Investing in mutual funds can be a tricky affair. However, with more scope for investors now and a variety of funds to invest in, one can start considering investments in this medium.
Investing in mutual funds can be a tricky affair, especially for those who have always favoured the traditional saving methods of fixed deposits or pension plans. However, with more scope for investors now and a variety of funds to invest in, one can start considering investments in this medium.
Mutual funds, however, are of various types and it may confuse a new entrant with regards to the field they are entering. Equity, debt, gold – these all are terms you may have heard of when reading on funds but not quite sure where to start with or which one most suits your needs. We will tell you some basics of these funds, how they work and what are their tax implications.
Broad Types of Mutual Funds
By investment object there are broadly four categories of funds — Equity, Debt, Money and Gold. Under this, equity has further categories like large-cap, small cap, mid cap and even sectoral and thematic funds. While some funds may be a combination of more than one type of fund, if a fund invests more than 65% of its portfolio in stocks, it is generally considered as equity fund. ELSS also comes under these category of funds. Since investing in this category is closely related with market movements, it requires you to do a thorough research before you can start investing.

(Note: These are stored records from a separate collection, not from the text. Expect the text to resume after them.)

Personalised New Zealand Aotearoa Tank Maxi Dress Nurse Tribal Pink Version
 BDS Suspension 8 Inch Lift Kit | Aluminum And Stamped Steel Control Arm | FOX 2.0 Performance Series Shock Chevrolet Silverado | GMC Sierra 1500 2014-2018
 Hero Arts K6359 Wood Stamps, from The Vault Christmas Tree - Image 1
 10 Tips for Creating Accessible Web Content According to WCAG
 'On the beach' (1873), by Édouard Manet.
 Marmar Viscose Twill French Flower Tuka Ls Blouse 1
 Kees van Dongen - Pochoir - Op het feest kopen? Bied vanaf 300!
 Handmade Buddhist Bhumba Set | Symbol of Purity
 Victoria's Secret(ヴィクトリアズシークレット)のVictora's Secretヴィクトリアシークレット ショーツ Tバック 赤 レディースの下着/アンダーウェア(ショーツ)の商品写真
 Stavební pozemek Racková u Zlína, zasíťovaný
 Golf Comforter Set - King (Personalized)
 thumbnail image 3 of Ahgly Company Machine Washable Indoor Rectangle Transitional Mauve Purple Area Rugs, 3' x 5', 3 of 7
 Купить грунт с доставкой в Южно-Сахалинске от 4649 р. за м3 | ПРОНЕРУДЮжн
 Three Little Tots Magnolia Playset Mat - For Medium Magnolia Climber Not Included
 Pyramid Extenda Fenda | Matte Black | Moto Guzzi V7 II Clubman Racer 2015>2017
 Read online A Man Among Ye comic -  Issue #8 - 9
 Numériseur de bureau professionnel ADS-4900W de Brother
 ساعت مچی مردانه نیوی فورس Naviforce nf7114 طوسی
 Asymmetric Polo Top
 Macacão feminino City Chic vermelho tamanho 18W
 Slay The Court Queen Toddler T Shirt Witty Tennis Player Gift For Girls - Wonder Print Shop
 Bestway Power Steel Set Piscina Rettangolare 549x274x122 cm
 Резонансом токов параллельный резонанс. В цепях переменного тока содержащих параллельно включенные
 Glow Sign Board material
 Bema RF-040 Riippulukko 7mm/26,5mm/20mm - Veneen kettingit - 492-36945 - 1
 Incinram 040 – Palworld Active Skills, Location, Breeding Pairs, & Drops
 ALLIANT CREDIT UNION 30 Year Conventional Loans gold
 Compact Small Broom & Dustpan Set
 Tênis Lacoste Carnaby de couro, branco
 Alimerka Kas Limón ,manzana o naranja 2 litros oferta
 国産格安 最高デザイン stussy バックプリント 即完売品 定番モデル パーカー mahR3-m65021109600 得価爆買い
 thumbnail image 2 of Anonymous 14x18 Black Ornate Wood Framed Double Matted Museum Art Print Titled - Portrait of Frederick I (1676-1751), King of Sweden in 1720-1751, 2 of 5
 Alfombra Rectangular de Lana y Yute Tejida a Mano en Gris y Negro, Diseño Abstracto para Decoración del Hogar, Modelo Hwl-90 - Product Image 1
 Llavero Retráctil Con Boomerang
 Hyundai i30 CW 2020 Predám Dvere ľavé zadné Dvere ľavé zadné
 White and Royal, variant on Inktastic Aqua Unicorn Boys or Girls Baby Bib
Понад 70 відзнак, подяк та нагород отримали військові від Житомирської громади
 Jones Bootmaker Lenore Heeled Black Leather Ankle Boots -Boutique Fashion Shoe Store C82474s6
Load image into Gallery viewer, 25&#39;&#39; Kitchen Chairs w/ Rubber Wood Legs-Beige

Debt funds, on the other hand, pool money raised from people and invest it in fixed income instruments like government bonds, corporate bonds, non-convertible debentures and other highly-rated instruments. So, short-term investors generally do not find any gain in opting for these funds as they require a longer commitment period. There are short-term bonds too, but their volume in the market is not as much as the long-term ones.
Liquid funds meanwhile are open ended schemes that invest in debt and money market instruments with maximum maturity of up to 91 days only. This strategy helps in mitigating risk arising out of interest rate volatility, providing high liquidity to portfolio and generating stable income. The returns may be tapered, and not as great as equity funds but they are safe options, especially for those looking for an alternative to their fixed deposits.
How Risky They Are
Equity funds can be said to be the riskiest of the lot as they are directly affected by market movements. As they invest in stocks, any change in share prices will have a corresponding impact on the Net Asset Value (NAV) of the fund. Despite the risk factor, one should remember that a good equity mutual fund scheme will invest their corpus in multiple companies or industries providing diversification, which makes it less volatile as compared to equity markets.
Debt funds are long-term and thus less liquid as they primarily invest in rated bonds and in which defaults are rare. Government bonds are generally considered risk-free, but may take a long time to convert. Corporate bonds on the other hand are rated by different credit rating agencies which allow the investor to gauge the risk of the investment. Even in the case of debt funds, bond prices are sensitive to interest rate changes. They may be safer than equity funds, but are not totally risk-free.
If we are to make a general assessment, in volatile times debt funds are generally considered as a good investment. But when times are good with markets booming, equity funds are a feasible source to seek returns.
Liquid funds are the least risky of them all. It is ideal for those who wish to park some large funds. Do not expect much return from them, but they are a safe bet when it comes to parking funds. Gold ETFs more or less carry the same risk as investing in gold and are for investors who want to take exposure to gold via mutual funds.
All funds will attract tax to some level, and on redemption too barring gold bonds which don’t attract tax on redemption. The short-term taxes are higher of course as shown in the table below, while long-term taxation is lesser. In terms of taxation, equity and corporate bonds have low tax for long-term investors. One can also claim capital loss if they end up losing money on select funds from their portfolio.
Short and long term capital gain tax on various investments
|Gold||< 3 Year||At applicable Slab Rate||> 3 Year||20% (with indexation benefit)|
|Sovereign Gold Bond||< 3 Year||At applicable Slab Rate||> 3 Year||20% (with indexation benefit)|
* On redemption: No Tax
|Equity Mutual Fund||< 1 Year|
|> 1 Year|
10% above gains of Rs 1 lakh (no indexation benefit)
|Debt Mutual Fund||< 3 Year||At applicable Slab Rate||> 3 Year||20% (with indexation benefit)|
|Liquid Funds||< 3 Year||At applicable Slab Rate||> 3 Year||20% (with indexation benefit)|
|Corporate listed Bond||< 1 Year||At applicable Slab Rate||> 1 year||10% (No Indexation Benefit)|
|*Tax rate excludes cess and surcharge, if any|
|Data as on 5 March 2018|
Before polling any money in these funds make sure to consult your financial advisor to know which funds suit your needs the most.